The gastronomy of the province of Valladolid comprises the meals, their preparation, and the culinary habits of the province of Valladolid. It is based on barbecued and roast food, especially roasted Spanish cuisine. Wines of high quality highlight the meals.

Ingredients

Cereals 
A large amount and variety of cereals (wheat, maize, barley, rye) are grown locally and form the basis of high-quality breads. The animal husbandry of the province is also capable of producing some outstanding cheese, such as  (cheese of Villalon) (similar to ).

Vegetables 
Between the cookeds is the cooked Spanish (with "ball" to which is added for flavoring spearmint), sopa de chícharos (or guisantes) (pea soup) which is prepared with peas (in Spanish, pea is guisante or chícharo). The coliflor al ajoarriero (cauliflower in garlic). Between the legumes are dishes such as alubias con patuño de cerdo (beans with pork leg). Within the cereals are the pans and its derivatives as the sopa de ajo garlic soup, the sopa de bestia cansada (soup of beast tired) of Medina del Campo to be offered to the mules of the muleteers. It is an area of ajoarrieros (which means muledriversgarlic), for example ajo de Vallelado (garlic of Vallelado).

Meats 
Meats and sausages in the region are famous for their unique flavor. The province belongs to the area of Spanish-style barbecued roasts.
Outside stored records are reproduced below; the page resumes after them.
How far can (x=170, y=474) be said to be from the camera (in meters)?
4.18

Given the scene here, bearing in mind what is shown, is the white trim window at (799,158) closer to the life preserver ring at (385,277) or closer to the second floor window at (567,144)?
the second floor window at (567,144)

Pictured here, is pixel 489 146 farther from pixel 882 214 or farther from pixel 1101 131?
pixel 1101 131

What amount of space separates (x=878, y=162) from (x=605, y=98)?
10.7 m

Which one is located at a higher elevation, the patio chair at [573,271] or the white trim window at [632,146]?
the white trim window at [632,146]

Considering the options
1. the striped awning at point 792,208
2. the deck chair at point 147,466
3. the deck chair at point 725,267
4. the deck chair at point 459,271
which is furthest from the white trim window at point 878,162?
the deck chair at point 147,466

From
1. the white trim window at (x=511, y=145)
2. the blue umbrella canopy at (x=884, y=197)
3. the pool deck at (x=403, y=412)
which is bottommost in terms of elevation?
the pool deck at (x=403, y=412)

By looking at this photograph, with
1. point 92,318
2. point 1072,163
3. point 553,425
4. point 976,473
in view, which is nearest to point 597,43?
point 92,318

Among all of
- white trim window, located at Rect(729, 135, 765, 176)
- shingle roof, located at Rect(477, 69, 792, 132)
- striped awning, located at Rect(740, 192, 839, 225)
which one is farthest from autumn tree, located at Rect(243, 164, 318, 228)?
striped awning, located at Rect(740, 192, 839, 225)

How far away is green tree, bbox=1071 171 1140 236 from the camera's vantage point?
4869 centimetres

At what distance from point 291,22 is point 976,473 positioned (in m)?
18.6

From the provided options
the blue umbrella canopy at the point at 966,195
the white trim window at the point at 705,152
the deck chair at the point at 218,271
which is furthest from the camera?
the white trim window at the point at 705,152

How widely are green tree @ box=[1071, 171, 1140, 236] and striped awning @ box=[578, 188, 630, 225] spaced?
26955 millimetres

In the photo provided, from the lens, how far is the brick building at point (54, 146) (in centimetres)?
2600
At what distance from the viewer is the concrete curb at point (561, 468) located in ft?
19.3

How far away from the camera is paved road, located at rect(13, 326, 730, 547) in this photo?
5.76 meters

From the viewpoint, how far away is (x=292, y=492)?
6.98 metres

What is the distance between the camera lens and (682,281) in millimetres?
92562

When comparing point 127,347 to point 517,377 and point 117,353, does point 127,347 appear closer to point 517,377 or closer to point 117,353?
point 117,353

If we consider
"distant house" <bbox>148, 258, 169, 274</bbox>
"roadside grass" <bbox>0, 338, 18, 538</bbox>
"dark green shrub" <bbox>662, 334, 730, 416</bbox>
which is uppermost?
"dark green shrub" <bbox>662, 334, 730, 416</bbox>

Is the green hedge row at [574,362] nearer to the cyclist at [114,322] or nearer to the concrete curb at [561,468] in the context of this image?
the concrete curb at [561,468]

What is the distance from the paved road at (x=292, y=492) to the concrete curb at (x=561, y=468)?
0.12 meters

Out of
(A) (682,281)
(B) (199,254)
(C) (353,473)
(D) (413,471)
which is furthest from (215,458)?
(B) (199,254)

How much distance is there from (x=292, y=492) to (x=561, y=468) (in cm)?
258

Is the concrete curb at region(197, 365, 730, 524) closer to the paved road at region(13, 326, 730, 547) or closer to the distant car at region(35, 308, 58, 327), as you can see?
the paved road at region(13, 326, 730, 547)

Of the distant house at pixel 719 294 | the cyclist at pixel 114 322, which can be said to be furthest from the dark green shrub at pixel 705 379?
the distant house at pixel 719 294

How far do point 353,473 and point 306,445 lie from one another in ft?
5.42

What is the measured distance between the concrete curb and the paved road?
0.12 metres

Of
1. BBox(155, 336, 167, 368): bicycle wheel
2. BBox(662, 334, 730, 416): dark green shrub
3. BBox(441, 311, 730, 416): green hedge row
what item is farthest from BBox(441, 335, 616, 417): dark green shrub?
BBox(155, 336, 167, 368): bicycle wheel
Dishes include lechazo asado (roast veal or lamb), cochinillo asado (roast suckling pig), cordero asado (roast lamb), morcilla (blood sausage or black pudding), asados al Sarmiento (roasted meat with wine), a typical dish in Santibáñez de Valcorba and environs, chuletones de buey (a large ox steak) with ajillo (garlic), typical in Peñafiel). The embutido (sausage) called chitas (cheetahs) is well known, prepared with the meat of suckling pig in adobo.

Other pork-based sausages are morcilla de Valladolid (black pudding from Valladolid spiced with a special kind of onion), and salchichas (sausages) from Zaratán. Chorizo is also used in dishes such as tortilla de chorizo (chorizo omelette). For beef produces a  (no translates), like "tojunto of Castile" (influence of gastronomy of Aragon).
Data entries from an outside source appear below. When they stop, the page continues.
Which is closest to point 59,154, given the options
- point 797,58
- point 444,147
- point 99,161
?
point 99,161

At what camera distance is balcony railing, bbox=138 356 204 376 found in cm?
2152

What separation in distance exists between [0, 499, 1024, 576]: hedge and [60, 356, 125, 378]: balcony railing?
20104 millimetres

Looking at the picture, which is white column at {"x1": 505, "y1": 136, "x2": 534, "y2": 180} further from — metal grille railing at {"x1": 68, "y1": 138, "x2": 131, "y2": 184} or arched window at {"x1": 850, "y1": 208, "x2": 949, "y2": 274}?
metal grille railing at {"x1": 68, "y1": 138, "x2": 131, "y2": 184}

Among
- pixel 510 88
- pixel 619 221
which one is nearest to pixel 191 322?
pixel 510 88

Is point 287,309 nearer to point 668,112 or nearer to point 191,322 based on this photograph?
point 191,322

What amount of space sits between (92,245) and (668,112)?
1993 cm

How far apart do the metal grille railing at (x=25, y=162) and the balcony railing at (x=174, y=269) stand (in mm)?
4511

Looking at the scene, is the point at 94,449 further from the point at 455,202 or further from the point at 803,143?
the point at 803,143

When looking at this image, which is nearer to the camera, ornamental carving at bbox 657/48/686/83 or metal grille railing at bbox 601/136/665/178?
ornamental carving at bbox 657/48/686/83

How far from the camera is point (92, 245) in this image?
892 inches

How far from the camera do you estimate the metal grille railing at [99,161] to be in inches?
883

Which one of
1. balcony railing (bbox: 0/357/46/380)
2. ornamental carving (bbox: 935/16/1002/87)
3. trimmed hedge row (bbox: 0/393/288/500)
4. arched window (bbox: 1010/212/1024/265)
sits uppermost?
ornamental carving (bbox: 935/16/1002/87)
Of the smaller game, there are preparations such as the conejo a la cazadora (rabbit to the hunter).

Seafood 
Among the fish, like other Castilian provinces there are trout dishes, an example being the truchas con jamón (trout with ham).

Confectionery, desserts 
The pastries of the province include specialities such as bolla de chicharrones (pork rind cake), rosquillas de palo (stick donuts), mariquitas (ladybirds), roscados (donuts), mantecados de Portillo, roscos de yema (yolk roscos), rosquillas de trancalapuerta (donuts of trancalapuerta), bizcochos de Santa Clara of Tordesillas (Santa Clara cakes), hojuelas (flakes), bizcochos de cura (cakes of cure).

Other generic dishes popular in the province include arroz con leche (rice pudding).

Special dishes 
It is common during Holy Week to consume special food that is part of the Gastronomy of Holy Week (mainly desserts).

On September 8 in Valladolid during the celebration of the , sweets, pastas, pastries and other desserts are usually served, one highlight being the tarta de San Lorenzo (pie of Saint Laurence).

On dates near Halloween and All Saints' Day (October 31 and November 1, respectively) it is very typical to consume products known as  (saint's bones) and buñuelos (similar to fritters).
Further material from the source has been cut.